The Raritan Blog

Data Center Disaster Recovery Tools

Richard Dominach
September 14, 2010

There are many types of “disasters” that can occur in a data center.  These can range from an all encompassing failure to the loss of certain critical IT services.  These can happen at any time related to human error, system breakdowns or natural disasters.  Time is of the essence when these disasters strike, with the need for quick troubleshooting, diagnosis and repair.   Modern KVM-over-IP systems with centralized management and remote power control are key tools to help data center managers and IT administrators recover when disaster strikes.

Since disasters by their very nature are unpredictable, the probability is that they will occur out of working hours!  Hence a reliable remote access method is critical to a quick response.  KVM-over-IP switches and serial console switches can provide the anytime/anywhere, secure, remote access required for recovery personnel to respond immediately when disaster strikes.   KVM-over-IP switches provide BIOS-level server access including support for remote virtual media.  This expanded level of remote access may be required in a disaster when servers need to be rebooted, software re-installed, servers re-imaged or BIOS options changed.

It is possible in a disaster that a server or other equipment will completely shut down.  In this case, remote power control can be the only way to re-start the equipment without going into the data center.  Intelligent rack based power distribution units (PDU) can be connected to the KVM equipment or directly to the LAN in order to remotely restart or power-cycle servers and other devices.

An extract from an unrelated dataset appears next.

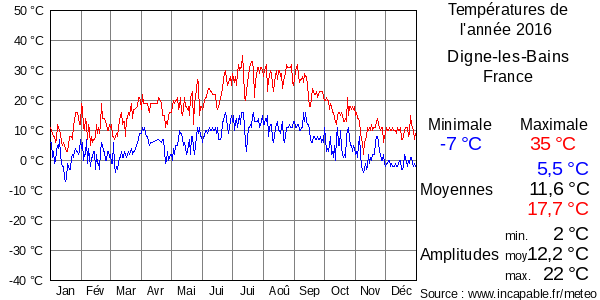 Températures de l'année 2016 pour Digne-les-Bains, France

Serial console switches provide access to equipment managed by serial ports.  This includes networking equipment as well as headless servers running UNIX or LINUX.  The serial console switch provides remote console level access to troubleshoot and re-configure equipment.  In addition remote power control is an option.

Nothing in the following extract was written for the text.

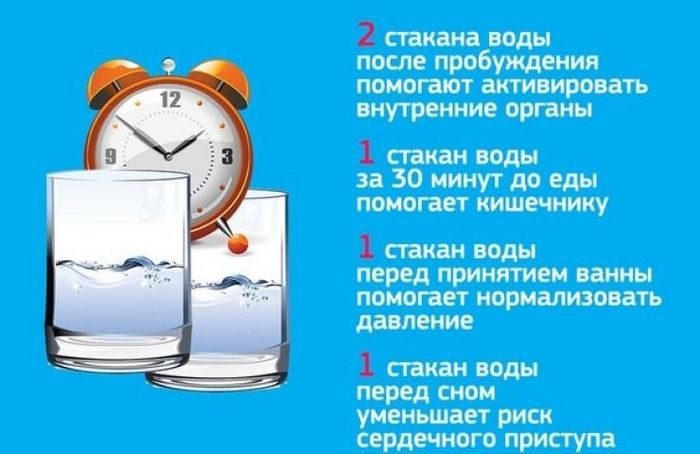 Як змусити себе пити більше води щодня?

In a disaster, the corporate network can be affected either partially or completely.  Many serial console switches and KVM-over-IP switches have a modem option so that they can be used over a PSTN connection.   While a PSTN modem may seem very old fashioned, it can be very useful in a disaster situation if the corporate network is not in full operation.  Another alternative is to have a separate backup or management network that connects to the KVM-over-IP and serial console switches.

Since a disaster can be the result of human error, it is useful to which servers have been recently changed .  Modern KVM and access systems produce a comprehensive log of server accesses, so that the recovery staff understands which equipment has been changed, when it was changed and even why it has been changed.

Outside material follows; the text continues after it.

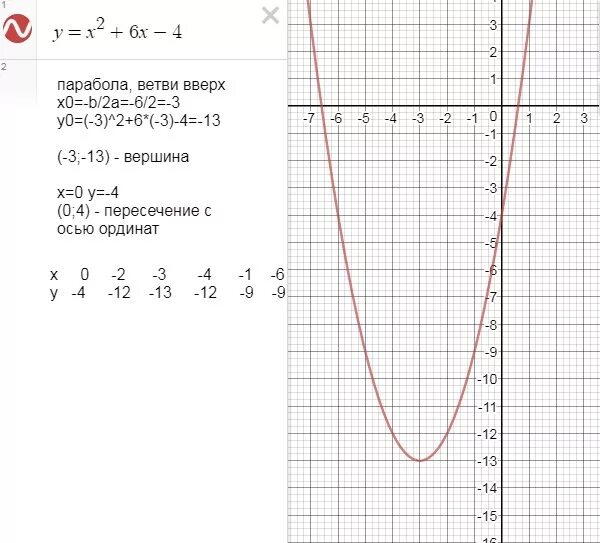 Y 2 x6. Y x2 6x 5 график функции. Постройте график функции y x2-6x+5. Функция x^2-6x+5. График функции 6+x-x 2.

Disasters are unpredictable and the managers responding to the emergency must have the ability to quickly access virtually any equipment in the data center.  Centralized access management systems like Raritan’s CommandCenter Secure Gateway (CC-SG) can be used to provide centralized remote access to thousands of servers (physical and virtual), networking equipment as well as the ability to do remote power control.  The result is that recovery workers can quickly access virtually any server or serially controlled device using a single IP address.

And finally, for larger disasters, responders may need to go into the data center to fully recover.  In this case the KVM-over-IP and serial console switches provide a local port capability such that managers can access equipment while in the data center.  Through a technology called “tiering” or “cascading” the local ports of multiple switches can be consolidated such that from a single console hundreds of servers can be accessed.